Because I'm lying here, inches away from Gideon and fighting not to brush back hair that fell into his eyes. He looks really young right now, even vulnerable. It reminds me there's only six years between us, and that behind the stuffy suits and agent's poise, there's a lot of uncertainty still in him. Strangely, I like that. Inflexible people like Agent Slake or Detective Tanner drive me up the wall.
My hand untangles from his long enough to smooth the hair back from his face. Love isn't something I'm even close to figuring out, so I don't know if that's what I feel. But I like being around Gideon. I like getting through an argument without feeling worse afterward. I like how I can trust him to lie on a bed with me without pushing to see if sex is also on the menu, or even making a suggestive quip about it. Maybe he thinks filthy thoughts, but that's okay. Those are his. What screws me up are the thoughts that turn into talk, because it's always talk that expects me to do something, whether it's feeling flattered or ending up on my back and pretending to enjoy myself.
But even though I have feelings for Gideon, who knows if they're the right ones to follow. I sure as hell believed running away from Laci and her talk about vampires was a good thing to do, and look what happened. If I'd stuck with her and worked out the bad patches between us, things would have been different. She was right. I have no problem fighting with fists and claws, but when it comes to grappling with hard emotions, I always turn tail. Dumping Elliot just because I'm conflicted would be a gutless move. I can't do that to him.
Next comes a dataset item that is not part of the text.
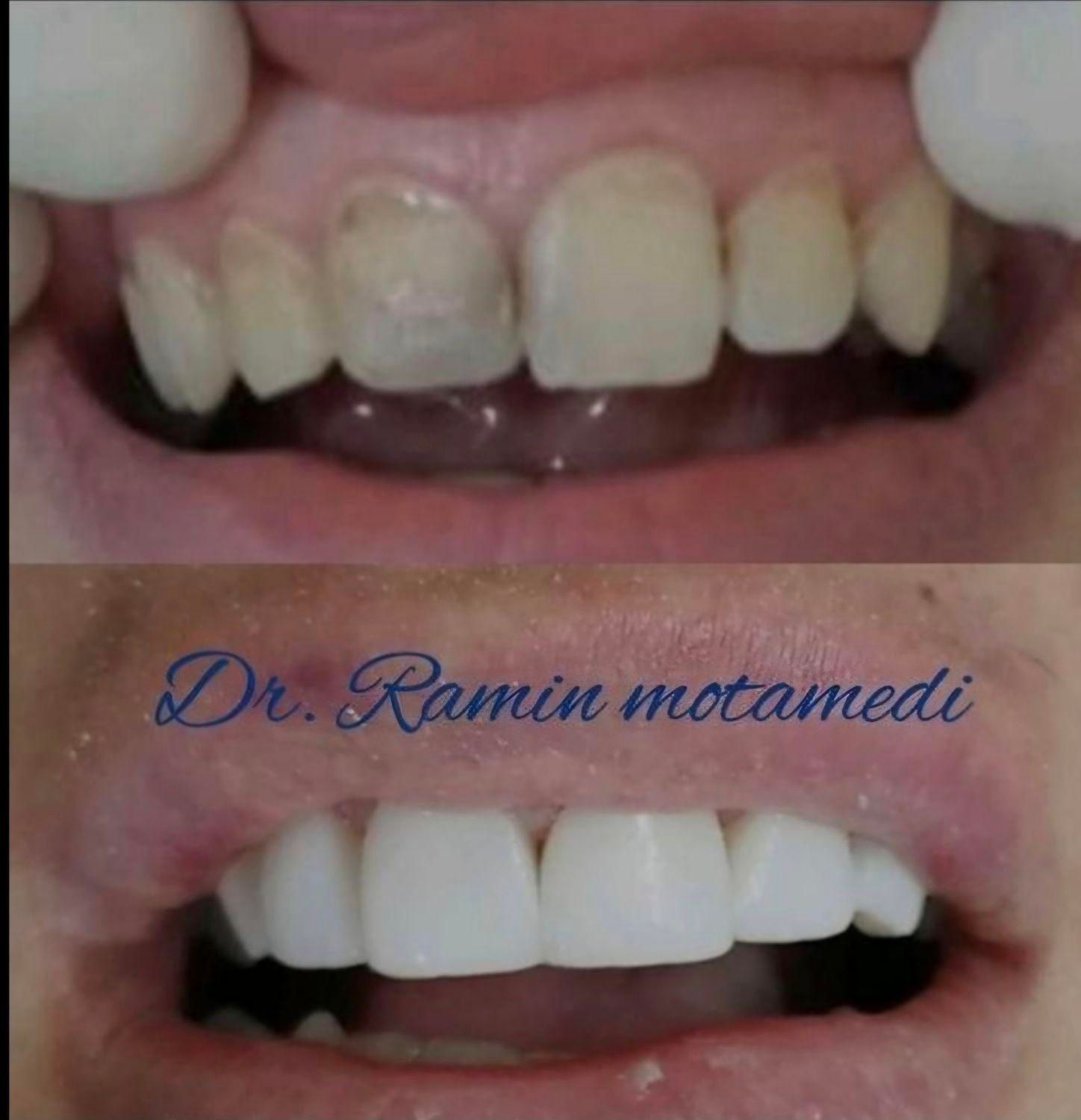 ایمپلنت/کامپوزیت/دندانپزشکی/اقساط|خدمات آرایشگری و زیبایی|شیرگاه, |دیوار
Taking a deep breath, I pull my arm back before turning away, putting as much space between me and Gideon as the narrow bed will allow. Something flickers through me, gone before I can figure it out. I tell myself it's a sign of doing the right thing.
After that, I must fall asleep, because suddenly I'm waking up, the insistent buzzing of my phone cutting through thin, grey dreams. The nearest clock reads five in the afternoon, and the sun pours into the room hot and low.
As I blink, still bleary despite the noise from the phone, I realize I migrated to Gideon's side of the bed, and that we're together in a tangle of limbs. I shift a little, just enough to figure out that each time he breathes, the muscles in his stomach and chest brush against my back. He changed position, too; his arm now wraps around me, the weight against my ribs solid but comfortable. An anchor, one I hold in place with my own arm, my hand over his as the ink ripples between us.
When I murmur his name, he only stretches like a sleeping cat, nose brushing the back of my neck in a way that sends a warm shiver down my spine. Fuck me. My resolution is already going really well.
He feels so good that the next round of buzzing from my phone makes me jerk up and reach for it in a fit of guilt. I try to keep the muddled feelings out of my voice as I answer, so sure it's Elliot that I don't even look at the screen. "Hello?"
But an unfamiliar voice drifts through, the words low and rasping. "About fucking time. This Phoenix Belmonte?"
"Um. Yeah." I push hair out of my face and settle back on the bed, relaxing as I realize it's a total stranger who won't give a fuck about what I'm doing at this very moment. When the person on the other end makes a sound like a growl, though, I freeze up, belatedly aware of who this might be. Gideon shifts again, and when his head settles into the hollow of my shoulder, I lean against him. I'll need some kind of support through this, even if it's unconscious. "Yeah, this is Phoenix."
"I'm returning your call to the Red Devil Mountain pack. Name's Maya. Your mother was my sister."